# Your task
The full listing is to be returned exactly as given, but without pictures.

↓↓↓

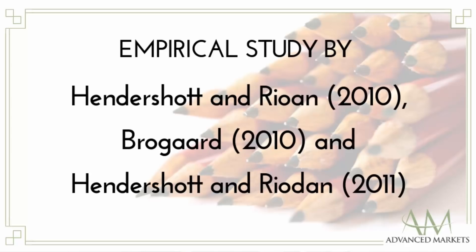This result is also supported by a 2011 empirical study by Hendershot and Rodin, which found that high-frequency traders' orders are much more informative than others.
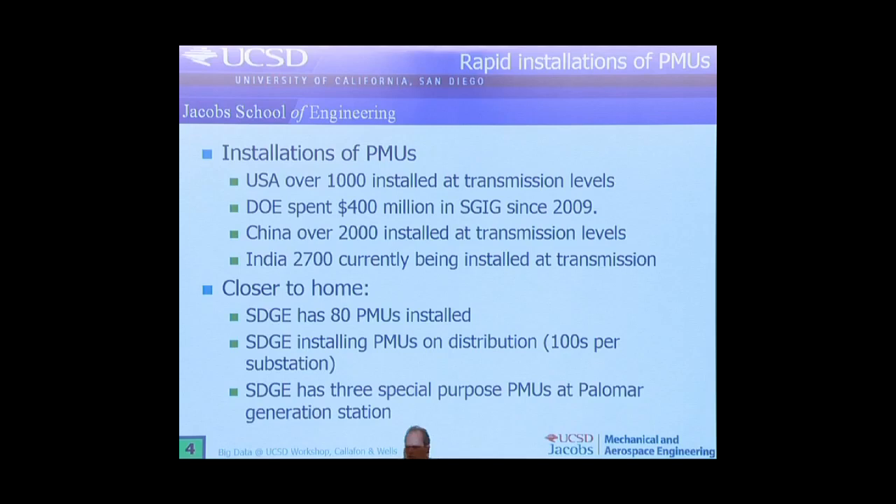These things are being installed quite a bit. The United States has about a thousand of them already installed. The DOE has spent over 400 million dollars on a particular project to install these things since 2009. China is installing them at about 2,000, and India, with their recent blackout, has decided they also need them — 2,700.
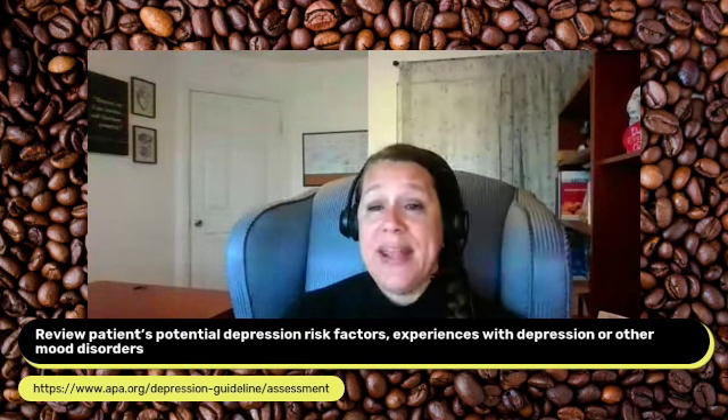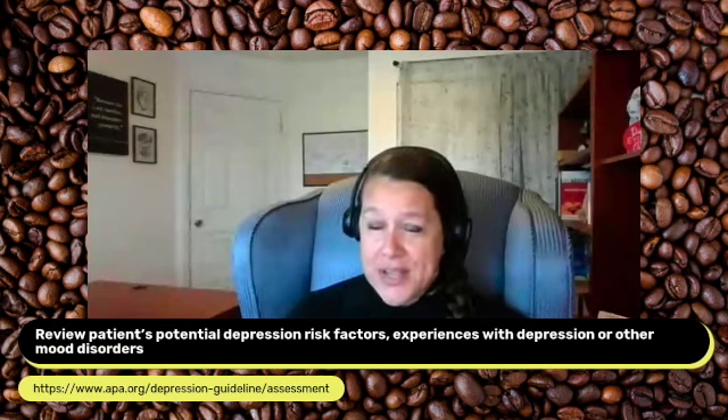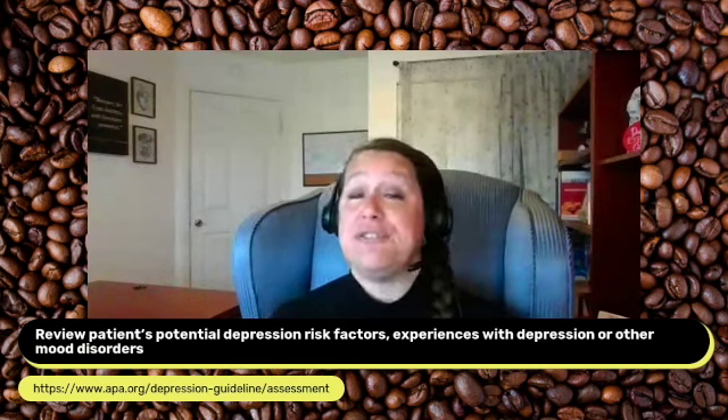A mandatory component of the annual wellness visit is reviewing the patient's potential depression risk factors — past or current experiences with depression or other mood disorders. You can use a standardized screening tool like the PHQ-9 or the Beck Depression Inventory. There are depression assessment instrument websites that provide additional screening tools. Remember, these tools have to be analyzed and reviewed by the provider to determine if any intervention is needed.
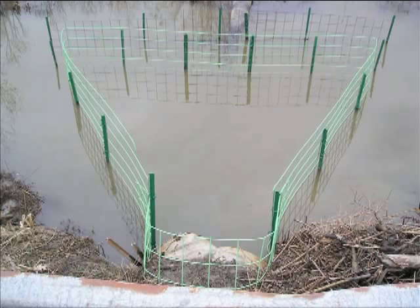The trapezoidal culvert protective fence was invented by Skip Lyle in the 1990s. When built and installed properly, it will completely eliminate beaver damming of a culvert.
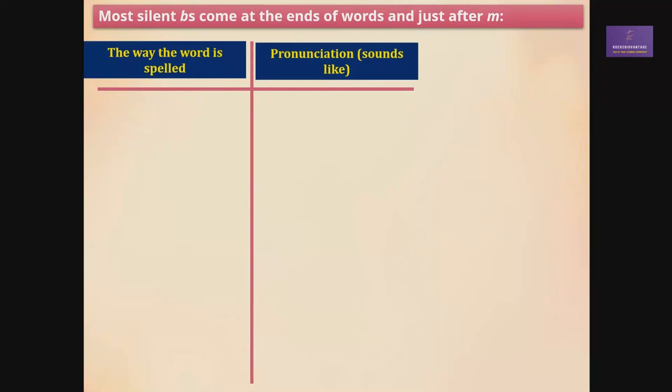The first word is B-O-M-B. It's not 'bom-b' — it's just 'bomb.' B-O-M. Next, C-L-I-M-B — it's not 'clim-b,' it's 'climb.' And C-O-M-B — it's not 'com-b,' it's 'comb.'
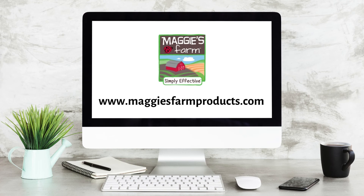For more helpful tips and pest information, be sure to follow us and visit our website, maggiesfarmproducts.com.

↑↑↑

# Result
This result is also supported by a 2011 empirical study by Hendershot and Rodin, which found that high-frequency traders' orders are much more informative than others.
These things are being installed quite a bit. The United States has about a thousand of them already installed. The DOE has spent over 400 million dollars on a particular project to install these things since 2009. China is installing them at about 2,000, and India, with their recent blackout, has decided they also need them — 2,700.
A mandatory component of the annual wellness visit is reviewing the patient's potential depression risk factors — past or current experiences with depression or other mood disorders. You can use a standardized screening tool like the PHQ-9 or the Beck Depression Inventory. There are depression assessment instrument websites that provide additional screening tools. Remember, these tools have to be analyzed and reviewed by the provider to determine if any intervention is needed.
The trapezoidal culvert protective fence was invented by Skip Lyle in the 1990s. When built and installed properly, it will completely eliminate beaver damming of a culvert.
The first word is B-O-M-B. It's not 'bom-b' — it's just 'bomb.' B-O-M. Next, C-L-I-M-B — it's not 'clim-b,' it's 'climb.' And C-O-M-B — it's not 'com-b,' it's 'comb.'
For more helpful tips and pest information, be sure to follow us and visit our website, maggiesfarmproducts.com.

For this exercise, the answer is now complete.